7-Pour les sarcomes de l’endomètre et du myomètre:

        -Si diagnostic histologique connu en pré-opératoire :

                    -En l’absence de métastases: Colpohystérectomie +/- adénectomie si ganglion(s) palpable(s) ;
Radiothérapie pelvienne (50Gy). La curiethérapie vaginale n’a pas prouvé totalement son intérêt, elle reste optionnelle en fonction des habitudes des équipes. Chimiothérapie adjuvante en cas d’envahissement ganglionnaire et/ou d’emboles lymphatiques.

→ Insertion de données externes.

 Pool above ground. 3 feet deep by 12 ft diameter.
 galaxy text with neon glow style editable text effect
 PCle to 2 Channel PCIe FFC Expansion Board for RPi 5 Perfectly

                    -En présence de métastases (le bilan doit comporter un scanner thoracique) : Hystérectomie avec annexectomie bilatérale ;Chimiothérapie.

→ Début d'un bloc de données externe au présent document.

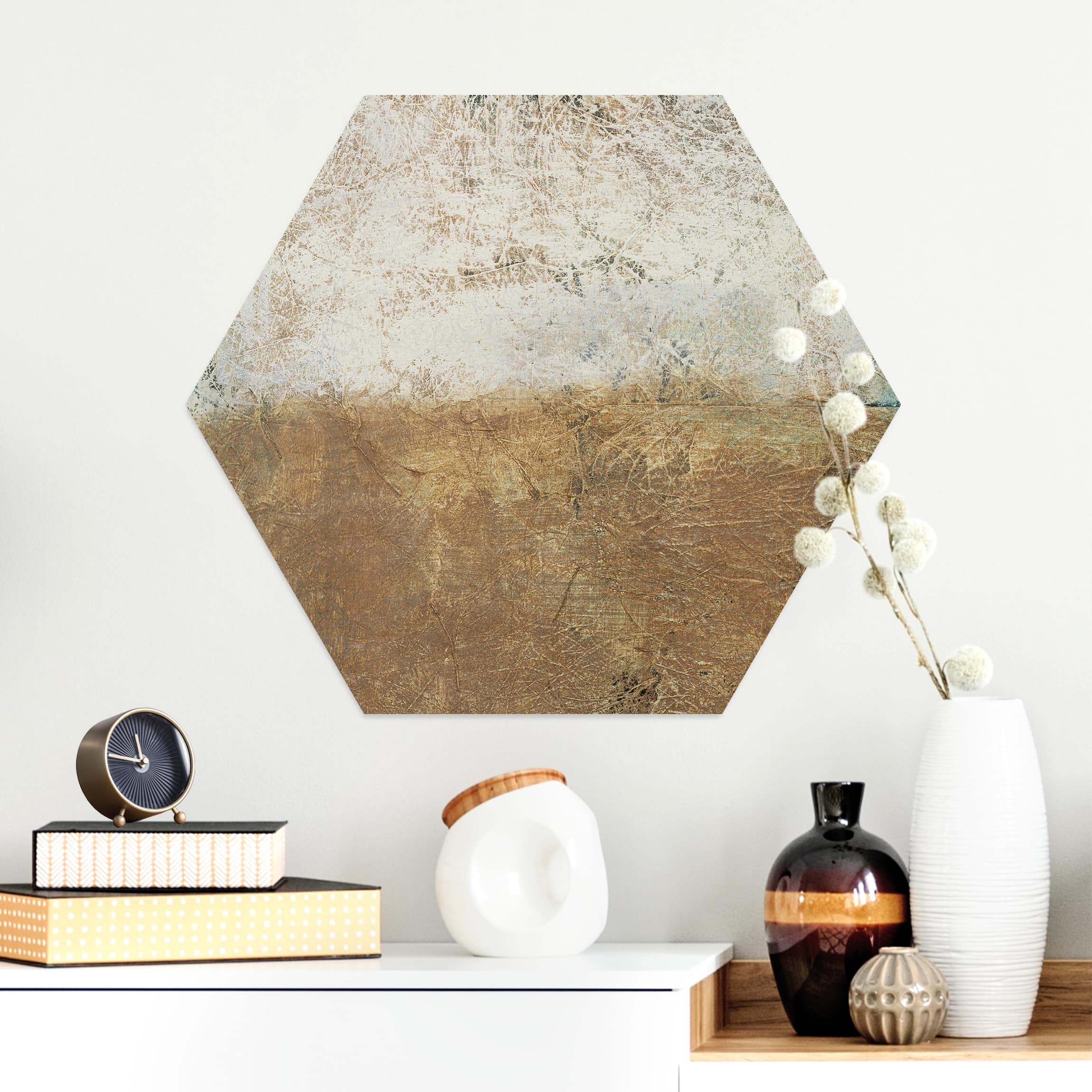 Hexagon-Alu-Dibond Bild Elements of Life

            -Si diagnostic connu sur une pièce opératoire :  Le bilan doit comporter un TDM thoracique et abdominopelvien :

                    -TDM négative : radiothérapie pelvienne et curiethérapie ;
                    -TDM pelvienne positive : radiothérapie pelvienne + curiethérapie + chimiothérapie ; TDM pelvienne et lombo-aortique positive : idem métastases.


La surveillance après traitement

La surveillance est essentiellement clinique. La réalisation de frottis vaginaux n’a pas fait la preuve de son efficacité. On ne réalise pas d’imagerie systématique chez les patientes traitées, en rémission complète et non symptomatiques.

Dès qu’il existe une symptomatologie, l’IRM est le meilleur examen permettant de faire la part entre anomalies post-thérapeutiques et nouvelle évolution tumorale.

Type de surveillance : elle repose sur l’examen clinique général et gynécologique (recherche de récidive du fond vaginal ou de la région sous-urétrale) :

La surveillance doit être réalisée :

- tous les 4 à 6 mois, durant les 3 premières années, puis annuellement pour les stades I et II,
- tous les 4 à 6 mois, durant les 5 premières années puis annuellement, pour les stades III et IV.

Comme toute patiente traitée pour un cancer, il est souhaitable :
- de vérifier la mise à jour de ses vaccinations;
- d’aider la patiente à éviter les drogues, le cannabis et le tabac;
- d’aider la patiente à poursuivre ou à débuter une activité physique selon son état général

- d’aider la patiente à acquérir une alimentation selon les recommandations nationales

Des consultations spécialisées dans les services qui prennent en charge ces patientes doivent pouvoir leur être proposées.

Pour les femmes âgées de 50 à 74 ans, la participation aux programmes nationaux de dépistage organisé du cancer du côlon et du cancer du sein doit être encouragée.
Si elle n’a pas été réalisée avant, la recherche d’une instabilité des microsatellites au niveau tumoral est recommandée pour identifier un syndrome HNPCC/Lynch chez toutes les patientes présentant un cancer de l’endomètre avant 50 ans ou quel que soit l’âge chez une patiente dont un apparenté au premier degré a été atteint d’un cancer colorectal ou du « spectre HNPCC » (endomètre, intestin grêle, urothélium, voies biliaires, estomac, ovaire). En cas de syndrome HNPCC avéré, des recommandations sur les indications de surveillance et de chirurgie prophylactique sont disponibles sur le site Internet de l’INCa.

Il n’y a pas de contre-indication à un traitement hormonal substitutif uniquement oestrogénique chez les femmes de moins de 50 ans qui peut être proposé au titre du traitement de la ménopause secondaire à l’ovariectomie bilatérale. Après 50 ans, les indications et contre-indications sont les mêmes que dans la population générale.

En conclusion, on retiendra que le cancer de l'endomètre est plutôt un cancer de bon pronostic. Souvent découvert précocement lors d'un bilan de saignement utérin chez une femme ménopausée, la tumeur est très fréquemment accessible à un traitement chirurgical curatif.